Allison Winn Scotch is the author of the new novel Cleo McDougal Regrets Nothing. Her other books include Between Me and You and In Twenty Years. She lives in Los Angeles.
Q: You write, "When I set out to write Cleo McDougal, I didn't actually set out to write this book at all." What did you set out to write, and how did you end up writing about this particular character?
A: Great question! What I meant by this was that I started a different book and rewrote 100 pages of that book a couple of times before I had to recognize that it was not meant to be. Still, it was about many of the themes that Cleo embraces and that we’re having a reckoning with now: power, sexism, inequities.
I realized that there were a lot of different ways to tackle these subjects, and once I freed myself from that particular plot, Cleo – the character—sort of came to me like a reckoning. Probably too much time on Twitter!
But I wanted to be careful not to really write about politics, because we have enough of that right now, and just about the state of the world right now and the state of the world right now while being a woman.
Q: Did you need to do much research to create Cleo and her life as a U.S. senator, and, if so, did you learn anything that especially surprised you?
A: I spoke with several D.C. insiders, and while I thought (and think!) I know about that life, of course there are always little nuggets that are really interesting.
The way they engage with staff and constituents, how uninformed (and sometimes well-informed, depending on the politician) they choose to be, how they often make political calculations that have nothing to do with their real beliefs.
Of course, then there were interesting tidbits like how seniority gets you better offices in the Senate buildings and how the senators avoid the press.
Q: You note that this novel is about power. What do you think Cleo represents when it comes to power, particularly that of a woman at a high level in politics?
A: Right, this really cuts to the heart of what I was exploring. I tried to look at power from a variety of ways: one, that Cleo quite obviously has it, as a junior senator, but also, that so many things worked against her – and continued to – as she ascended into it.
In that sense, Cleo was a like a lot of women who are invested in having careers (or whose careers were cut short or not nurtured in the way that they should have been): she deals with opportunistic professors, she works around misogynistic senators, she recasts herself to the media and the public so she’s more likeable, she juggles being a single mom and a working mom…all of that stuff that women in our country are forced to cope with daily.

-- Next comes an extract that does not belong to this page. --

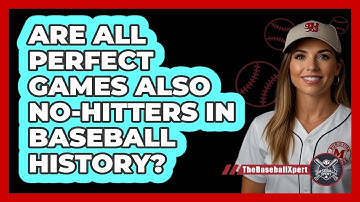 Are All Perfect Games Also No-hitters In Baseball History? - The Baseball Xpert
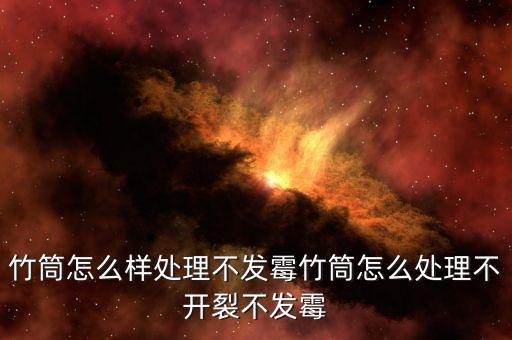 竹筒怎么樣處理不發霉竹筒怎么處理不開裂不發霉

And then, there is the flip side: did she always use her own power justly? Whether with her former best friend or with her choices to back specific legislation or with her sister or her ex? There are a lot of angles to explore there.
Q: Did you know how the novel would end before you started writing it, or did you make many changes along the way?

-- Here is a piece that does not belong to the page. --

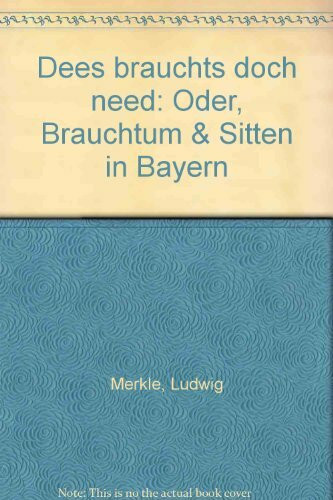 Dees brauchts doch need oder Brauchtum & [und] Sitten in Bayern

A: No! I never know how any of my books will end because, and this will sound really silly and probably ridiculous, I like my characters to lead the way, and often, they end up surprising me. So to know where they end up often hampers the rest of the book, at least for my personal writing style.
Q: What are you working on now?
A: I’m noodling around with some film projects and debating possibly catching up with Cleo in a sequel.
Q: Anything else we should know?
A: While this book isn’t about politics, I hope everyone who reads it is registered to vote!